The panel itself was moderately interesting, the speakers were Jill Abramson, executive editor of the New York Times, and Richard Plepler, CEO of HBO. It was mostly about the business of new media, which, fine. “You can monetize smart” from Plepler – encouraging!

But what struck me is that both entities are thinking of themselves as 21st-century digital content generators but are shackled to 19th-century physical infrastructure: the newspaper printing press, and the cable/phone lines. In answering a question from a 20-something audience member who wants to watch Girls but doesn’t have a cable box, Plepler answered elaborately and at length. What it boils down to is that there aren’t enough “cord-cutters” yet to allow HBO to circumvent their cable and phone partners.
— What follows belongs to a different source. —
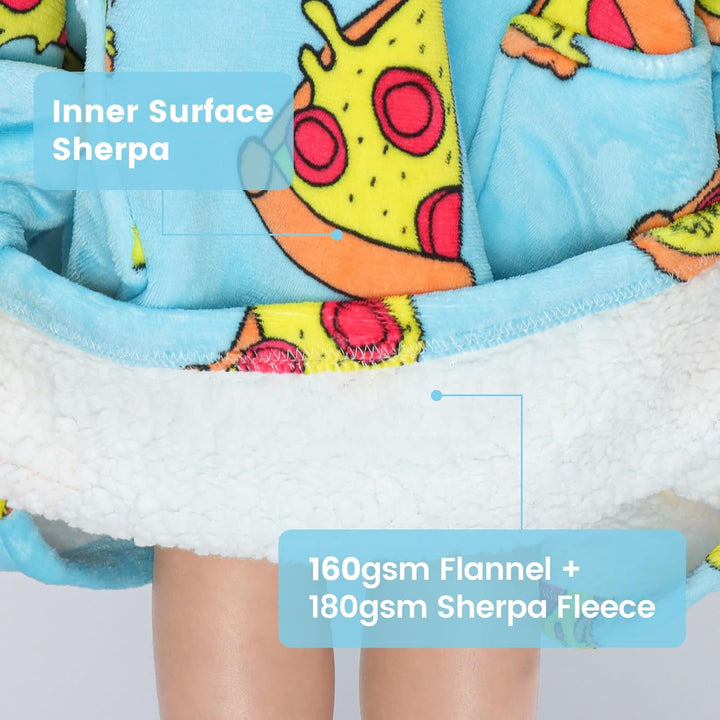 Wenlia Übergrosse Hoodie Blanket für Mädchen, Kinder Flanell Sweatshirt Decke Kuschelpullover, Einho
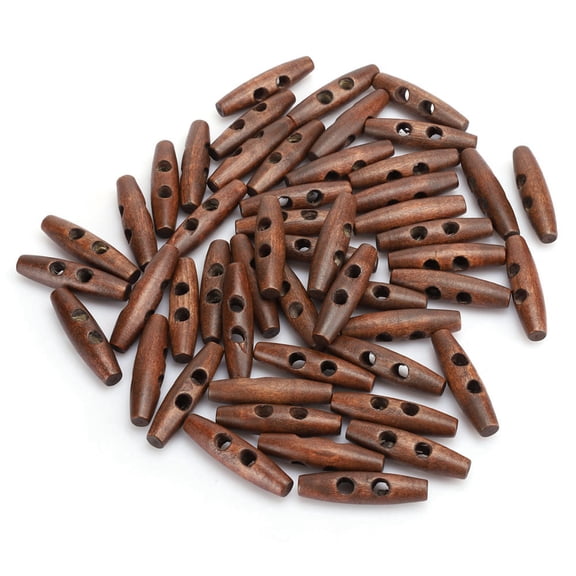 Suodoka 50Pcs Dark Coffee Sewing 2 Holes Wood Buttons DIY Coat Clothes Accessories Decoration, 2.0 x 0.5 inches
Their business model is tied up with the physical infrastructure of cable and phone lines.

But here’s the rub: even as one might wish for the decoupling of the NYT and HBO from the physical infrastructure that seems to drag them down financially, I bet that a lot of those jobs, especially in the printing press, are good union jobs that support middle-class communities. (Cable companies probably less so.)

Makes me think of the latest episode of Downton Abbey, where (spoiler alert!) Matthew has invested in the estate to save Lord Grantham’s (and by extension his wife’s) bacon, but now is seeing that the estate is “mismanaged,” in his words. Lady Mary hints that what looks like inefficiency is a form of largesse that’s necessary for the local economy. Economic welfare at the level of the manor is sacrificed for economic welfare at the level of the village. I dunno, sounds kinda enlightened to me. I wonder to what extent old, infrastructure-dependent industries like newspapers and telephone companies function in a similar way.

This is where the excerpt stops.